A line creased between Eva’s brows. “No outright attacks since Aviel’s death, though I almost wish I had a physical enemy to face instead of the whispers about my legitimacy.

It’s been a war of disinformation after the False King’s outright lies when he was trying to discredit Bash and me.

” She let out a heavy sigh that made me feel bad I asked.

“It’s worse in Mayim and Esterra, where his supporters were able to blend back into their lives.

It doesn’t help that there are plenty against the democratic ideologies they say I brought with me from the human realm, even though Mom was the one to create that blueprint. ”

It was part of why opening Soleara to outsiders was so important.

My kingdom was a model for the representative form of government Eva hoped to put in place for all Agadot.

The legacy of our parents’ rule was a thriving kingdom that showcased the importance of giving power to the people—and a voice in how their realm was run.

Change was never easy, especially with the fae, but those not swayed by Soleara’s example at least understood the need for checks and balances to keep a tyrant like Aviel from ever stealing the throne again.

“I’m working on laying the groundwork for allowing those who aren’t Celestial to be able to enter the Choosing,” Eva added far too nonchalantly.

I had no illusions the process was simple.

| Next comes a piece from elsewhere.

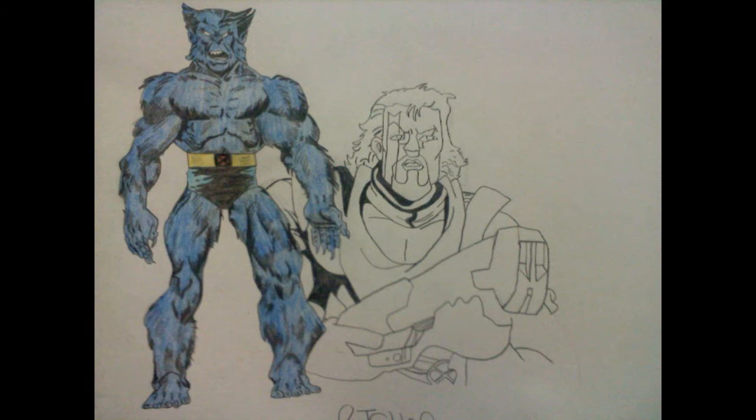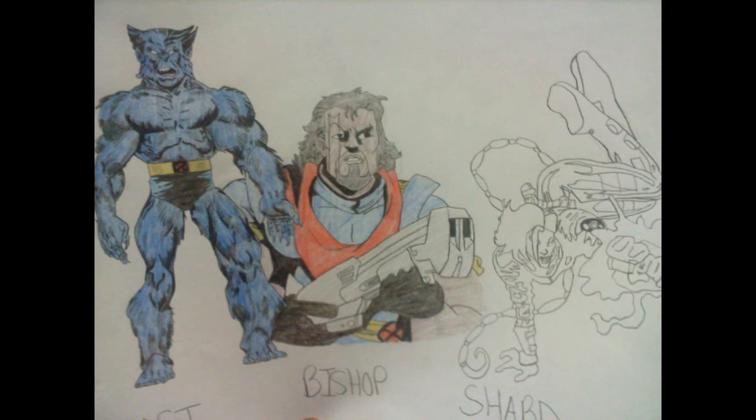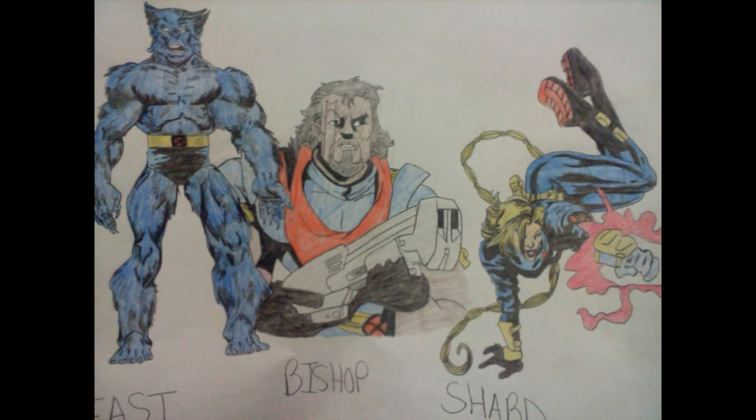I also drew another X-Men character named Bishop and his sister Shard. They basically have energy blast powers and have appeared in some previews and shows as well. Here's my finished drawing of these Marvel characters.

“From what we’ve discovered, the barring of Elementals traces back not to the Seeing Mirror, but to a Celestial High King intent on keeping his lineage in power.

I assume Quinn told you since she’s been helping me research? ”

Quinn’s smile faltered, but Eva didn’t seem to notice. She gestured for us to follow her before Quinn could reveal how cowardly I had been in avoiding her.

Eva cleared her throat. “How’s Soleara?”

My footsteps stumbled as I looked down at the floor.

I supposed retiling was low on the list of priorities with so much else to be rebuilt…

but I hated that white marble. It was a perfect match to the hallway my limp, drugged body had been dragged down every time I was brought to Aviel so he could feed upon my power.

He was always careful not to take too much, unlike the others imprisoned with me.

I had quickly learned not to grow attached to anyone in the cells near mine. Their fates always ended with him sucking away their lifeforce to feed his own, their screams echoing down the sterile hallway.

With a shudder, I took a step forward. Only then did I remember my sister had asked me a question. I opened my mouth wordlessly, but Quinn came to my rescue.